Maskull Lasserre. Incarnate (Three Degrees of Certainty II), 2012. (Maskull Lasserre)

Maskull Lasserre, Incarnate (Three Degrees of Certainty II)

He's transformed grenades into music boxes and punching bags into pianos. Montreal sculptor Maskull Lasserre is known for eking art out of ordinary objects, but then, as a CBC Arts viewer, you knew that. (If not, watch his episode of The Re-Education of Eddy Rogo.) For this piece, he spent 200 hours carving a human skull into a stack of old computer manuals. As he told CBC Arts earlier this year: "I never make anything that I understand. I make things that I don't understand and then try to achieve some sort of comprehension through the process. If there's a question I can't figure out any other way, it means I've got to make something about it."

Brian Jungen. Skull, 2006. (Brian Jungen)

Brian Jungen, Skull

A skull made out of baseballs? What a knuckleball-head. Dad-jokes aside, this piece is created by Vancouver artist Brian Jungen, whose sculptures adapt familiar manufactured goods, deconstructing our concepts of the items themselves, and their relationship to the world around us. A member of the Dane-zaa First Nation, Jungen's art frequently explores his heritage. He includes traditional techniques in the construction of much of his work.

Winnie Truong. Debutante, 2014. (Winnie Truong)
Winnie Truong. Pearl, 2014. (Winnie Truong)

Winnie Truong, Rites of Passage

They say your hair keeps growing long after you die, in which case, we should all be so lucky to have posthumous locks as lovely as those drawn by Toronto's Winnie Truong. Per her artist statement: "Focusing on the subject of hair, [Truong] imagines its new possibilities beyond ornament and towards living objects and environments."

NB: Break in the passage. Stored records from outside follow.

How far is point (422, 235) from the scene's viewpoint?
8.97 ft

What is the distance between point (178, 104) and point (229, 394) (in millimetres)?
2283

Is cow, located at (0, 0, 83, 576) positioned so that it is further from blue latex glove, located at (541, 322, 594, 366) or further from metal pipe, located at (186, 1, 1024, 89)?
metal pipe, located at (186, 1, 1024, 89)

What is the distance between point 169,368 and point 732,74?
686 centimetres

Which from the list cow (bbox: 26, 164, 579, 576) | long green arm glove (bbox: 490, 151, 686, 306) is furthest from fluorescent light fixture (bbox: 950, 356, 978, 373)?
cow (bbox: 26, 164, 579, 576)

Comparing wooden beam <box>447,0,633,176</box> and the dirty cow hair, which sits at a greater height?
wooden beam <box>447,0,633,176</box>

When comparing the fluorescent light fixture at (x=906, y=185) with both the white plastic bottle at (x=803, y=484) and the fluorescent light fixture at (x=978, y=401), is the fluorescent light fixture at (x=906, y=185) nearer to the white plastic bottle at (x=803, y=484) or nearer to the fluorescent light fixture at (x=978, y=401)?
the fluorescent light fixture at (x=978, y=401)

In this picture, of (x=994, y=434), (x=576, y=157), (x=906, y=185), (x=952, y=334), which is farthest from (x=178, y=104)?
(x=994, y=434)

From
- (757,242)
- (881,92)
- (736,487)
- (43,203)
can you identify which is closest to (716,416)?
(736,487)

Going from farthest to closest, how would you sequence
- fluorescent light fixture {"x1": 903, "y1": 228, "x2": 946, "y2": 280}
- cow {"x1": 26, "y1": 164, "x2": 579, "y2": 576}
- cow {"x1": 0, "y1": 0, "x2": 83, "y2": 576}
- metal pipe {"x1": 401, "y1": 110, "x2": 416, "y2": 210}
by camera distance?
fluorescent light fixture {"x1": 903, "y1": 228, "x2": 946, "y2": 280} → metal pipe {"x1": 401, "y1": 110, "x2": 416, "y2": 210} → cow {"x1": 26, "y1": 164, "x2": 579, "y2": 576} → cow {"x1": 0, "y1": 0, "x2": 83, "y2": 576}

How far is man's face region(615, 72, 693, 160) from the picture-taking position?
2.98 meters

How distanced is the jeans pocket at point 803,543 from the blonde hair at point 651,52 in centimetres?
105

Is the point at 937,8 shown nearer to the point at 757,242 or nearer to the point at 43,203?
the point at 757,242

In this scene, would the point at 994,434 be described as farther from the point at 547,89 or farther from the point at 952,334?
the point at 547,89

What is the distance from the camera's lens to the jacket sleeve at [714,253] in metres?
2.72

Shanell Papp. Lab, 2013. (Shanell Papp)

Shanell Papp, Lab

Why stop at the skull? For Lab, Shanell Papp of Lethbridge, AB crocheted a whole cadaver, creating bones and organs (and even the deceased's partially-digested lunch) out of wool. For another project, Bonebook, she embroidered life-size skeletons into canvas.

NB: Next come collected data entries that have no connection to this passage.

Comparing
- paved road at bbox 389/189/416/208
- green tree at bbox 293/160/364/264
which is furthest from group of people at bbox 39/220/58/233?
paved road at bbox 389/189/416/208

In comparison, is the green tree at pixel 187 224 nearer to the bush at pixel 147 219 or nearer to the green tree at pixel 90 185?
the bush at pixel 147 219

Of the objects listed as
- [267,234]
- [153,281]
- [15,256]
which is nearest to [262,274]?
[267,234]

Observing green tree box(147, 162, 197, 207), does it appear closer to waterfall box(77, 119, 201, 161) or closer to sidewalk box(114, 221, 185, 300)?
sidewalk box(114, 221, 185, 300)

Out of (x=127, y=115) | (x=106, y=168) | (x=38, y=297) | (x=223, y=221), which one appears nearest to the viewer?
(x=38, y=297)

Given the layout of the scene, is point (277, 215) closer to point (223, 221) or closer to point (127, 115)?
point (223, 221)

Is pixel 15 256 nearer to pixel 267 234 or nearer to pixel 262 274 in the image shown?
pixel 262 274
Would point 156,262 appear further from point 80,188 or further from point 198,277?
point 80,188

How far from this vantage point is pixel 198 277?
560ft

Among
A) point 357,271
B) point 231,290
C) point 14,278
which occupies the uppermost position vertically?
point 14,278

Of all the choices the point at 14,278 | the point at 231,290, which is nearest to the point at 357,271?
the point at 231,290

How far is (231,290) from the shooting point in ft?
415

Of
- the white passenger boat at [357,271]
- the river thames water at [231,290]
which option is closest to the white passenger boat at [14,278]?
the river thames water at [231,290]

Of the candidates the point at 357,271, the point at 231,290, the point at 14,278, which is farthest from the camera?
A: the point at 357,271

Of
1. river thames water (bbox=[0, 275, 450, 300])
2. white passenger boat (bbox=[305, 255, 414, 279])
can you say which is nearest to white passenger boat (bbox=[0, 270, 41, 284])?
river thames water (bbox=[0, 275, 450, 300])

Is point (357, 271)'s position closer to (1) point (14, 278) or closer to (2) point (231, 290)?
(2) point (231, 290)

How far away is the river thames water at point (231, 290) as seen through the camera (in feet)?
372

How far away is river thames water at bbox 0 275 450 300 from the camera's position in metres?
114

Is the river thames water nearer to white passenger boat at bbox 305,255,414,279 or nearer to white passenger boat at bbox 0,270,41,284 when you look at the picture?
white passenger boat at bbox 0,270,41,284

Jennifer James. Granville Island International Day of the Dead Tour, 2015. (Granville Island International Day of the Dead Tour)

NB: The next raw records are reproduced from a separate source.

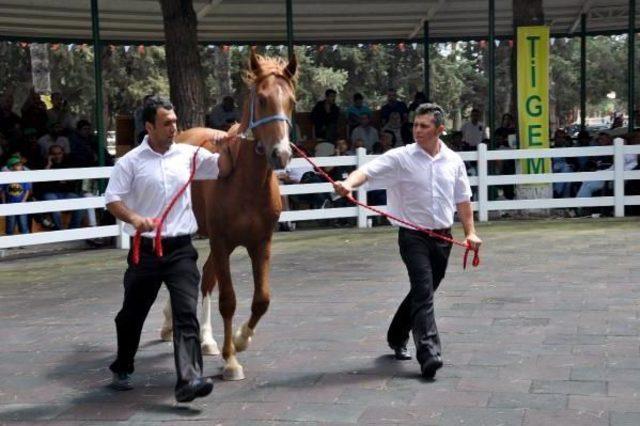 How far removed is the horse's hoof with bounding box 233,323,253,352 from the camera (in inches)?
268

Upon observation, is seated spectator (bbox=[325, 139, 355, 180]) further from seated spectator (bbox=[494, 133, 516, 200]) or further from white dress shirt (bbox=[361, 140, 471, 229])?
white dress shirt (bbox=[361, 140, 471, 229])

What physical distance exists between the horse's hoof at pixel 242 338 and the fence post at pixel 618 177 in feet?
35.5

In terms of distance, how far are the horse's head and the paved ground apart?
4.78 ft

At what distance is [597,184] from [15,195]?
9.30m

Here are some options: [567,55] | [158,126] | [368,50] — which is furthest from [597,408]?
[567,55]

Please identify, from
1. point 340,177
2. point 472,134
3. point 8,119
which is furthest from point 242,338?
point 472,134

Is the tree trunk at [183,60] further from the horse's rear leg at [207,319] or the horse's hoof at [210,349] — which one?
the horse's hoof at [210,349]

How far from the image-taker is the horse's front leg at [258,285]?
660cm

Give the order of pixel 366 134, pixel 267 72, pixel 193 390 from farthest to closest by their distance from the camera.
Result: 1. pixel 366 134
2. pixel 267 72
3. pixel 193 390

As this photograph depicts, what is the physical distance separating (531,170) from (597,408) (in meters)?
11.5

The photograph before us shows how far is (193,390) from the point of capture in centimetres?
565

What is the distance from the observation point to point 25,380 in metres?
6.63

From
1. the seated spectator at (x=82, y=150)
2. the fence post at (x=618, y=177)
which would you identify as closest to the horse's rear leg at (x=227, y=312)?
the seated spectator at (x=82, y=150)

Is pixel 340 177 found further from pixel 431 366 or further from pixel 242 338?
pixel 431 366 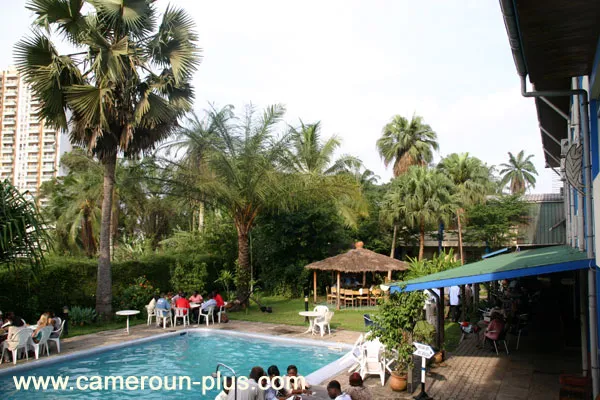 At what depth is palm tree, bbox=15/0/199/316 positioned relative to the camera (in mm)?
14047

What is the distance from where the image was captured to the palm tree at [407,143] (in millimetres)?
36219

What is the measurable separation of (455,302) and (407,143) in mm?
22437

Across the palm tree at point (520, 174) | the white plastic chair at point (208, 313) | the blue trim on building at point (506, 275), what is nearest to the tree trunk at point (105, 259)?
the white plastic chair at point (208, 313)

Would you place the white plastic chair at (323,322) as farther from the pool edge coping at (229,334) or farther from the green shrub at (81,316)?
the green shrub at (81,316)

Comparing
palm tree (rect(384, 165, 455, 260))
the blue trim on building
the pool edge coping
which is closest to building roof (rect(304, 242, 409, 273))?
palm tree (rect(384, 165, 455, 260))

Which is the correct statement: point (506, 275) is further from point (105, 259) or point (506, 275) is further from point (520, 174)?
point (520, 174)

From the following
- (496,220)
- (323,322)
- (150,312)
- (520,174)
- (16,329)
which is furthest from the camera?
(520,174)

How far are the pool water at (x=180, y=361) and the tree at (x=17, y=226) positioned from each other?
113 inches

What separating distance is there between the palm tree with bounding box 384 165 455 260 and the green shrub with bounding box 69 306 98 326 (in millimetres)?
17993

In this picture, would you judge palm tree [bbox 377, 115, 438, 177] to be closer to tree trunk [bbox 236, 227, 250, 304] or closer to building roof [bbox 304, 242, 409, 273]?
building roof [bbox 304, 242, 409, 273]

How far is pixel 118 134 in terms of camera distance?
1559 cm

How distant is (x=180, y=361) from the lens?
12.0 metres

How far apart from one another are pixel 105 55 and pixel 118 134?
261 cm

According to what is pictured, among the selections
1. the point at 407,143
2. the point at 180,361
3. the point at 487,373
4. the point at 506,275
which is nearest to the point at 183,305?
the point at 180,361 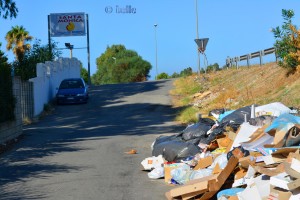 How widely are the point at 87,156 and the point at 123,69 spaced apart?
69898 mm

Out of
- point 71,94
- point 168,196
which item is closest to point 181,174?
point 168,196

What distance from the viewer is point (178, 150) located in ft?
36.3

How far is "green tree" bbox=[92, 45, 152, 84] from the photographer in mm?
82438

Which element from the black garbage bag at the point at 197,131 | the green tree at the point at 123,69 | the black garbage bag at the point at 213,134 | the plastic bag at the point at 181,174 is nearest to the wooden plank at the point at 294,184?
the plastic bag at the point at 181,174

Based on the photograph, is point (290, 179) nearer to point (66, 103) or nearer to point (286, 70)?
point (286, 70)

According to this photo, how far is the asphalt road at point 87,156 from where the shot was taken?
9391 mm

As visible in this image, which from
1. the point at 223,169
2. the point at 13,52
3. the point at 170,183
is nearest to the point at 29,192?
the point at 170,183

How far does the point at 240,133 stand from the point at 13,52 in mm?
38087

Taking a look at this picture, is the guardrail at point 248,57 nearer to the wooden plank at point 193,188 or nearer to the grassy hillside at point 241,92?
the grassy hillside at point 241,92

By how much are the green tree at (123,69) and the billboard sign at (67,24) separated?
3147 cm

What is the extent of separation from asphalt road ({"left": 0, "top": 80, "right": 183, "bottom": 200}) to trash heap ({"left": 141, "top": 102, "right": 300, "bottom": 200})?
1.87ft

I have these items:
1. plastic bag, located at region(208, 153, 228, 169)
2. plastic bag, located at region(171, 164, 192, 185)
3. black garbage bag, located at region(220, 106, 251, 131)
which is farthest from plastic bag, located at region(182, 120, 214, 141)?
plastic bag, located at region(208, 153, 228, 169)

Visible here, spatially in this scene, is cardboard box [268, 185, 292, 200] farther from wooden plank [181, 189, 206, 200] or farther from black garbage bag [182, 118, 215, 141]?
black garbage bag [182, 118, 215, 141]

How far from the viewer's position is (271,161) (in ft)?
24.6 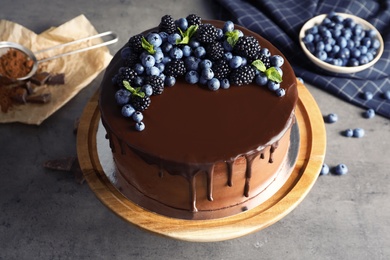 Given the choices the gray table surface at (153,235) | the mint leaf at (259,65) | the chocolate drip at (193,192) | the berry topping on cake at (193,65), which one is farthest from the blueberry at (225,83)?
the gray table surface at (153,235)

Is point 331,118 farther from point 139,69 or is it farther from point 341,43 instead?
point 139,69

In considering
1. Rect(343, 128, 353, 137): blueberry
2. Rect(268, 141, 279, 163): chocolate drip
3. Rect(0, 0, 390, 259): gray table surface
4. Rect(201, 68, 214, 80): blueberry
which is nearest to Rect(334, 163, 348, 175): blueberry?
Rect(0, 0, 390, 259): gray table surface

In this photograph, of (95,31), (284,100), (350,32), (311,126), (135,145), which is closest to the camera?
(135,145)

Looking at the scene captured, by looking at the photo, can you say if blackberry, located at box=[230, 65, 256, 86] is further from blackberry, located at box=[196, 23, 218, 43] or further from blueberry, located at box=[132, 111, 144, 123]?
blueberry, located at box=[132, 111, 144, 123]

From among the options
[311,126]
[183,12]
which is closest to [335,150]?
[311,126]

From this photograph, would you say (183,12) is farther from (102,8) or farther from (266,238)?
(266,238)

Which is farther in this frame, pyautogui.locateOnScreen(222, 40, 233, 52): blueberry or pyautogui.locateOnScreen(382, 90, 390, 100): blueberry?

Granville Island International Day of the Dead Tour

Electric Youth-era Debbie Gibson, eat your heart out. This crimped perm Catrina is the creation of Vancouver's Jennifer James, and she's one of several international artists participating in a special art crawl happening now around Granville Island. It's the International Day of the Dead Tour, a free exhibition that places artful skulls, such as this one, in the galleries and shops of the popular district. Mexican artisans crafted the skulls,before they were re-purposed by the 15 participants. They're on display to November 8.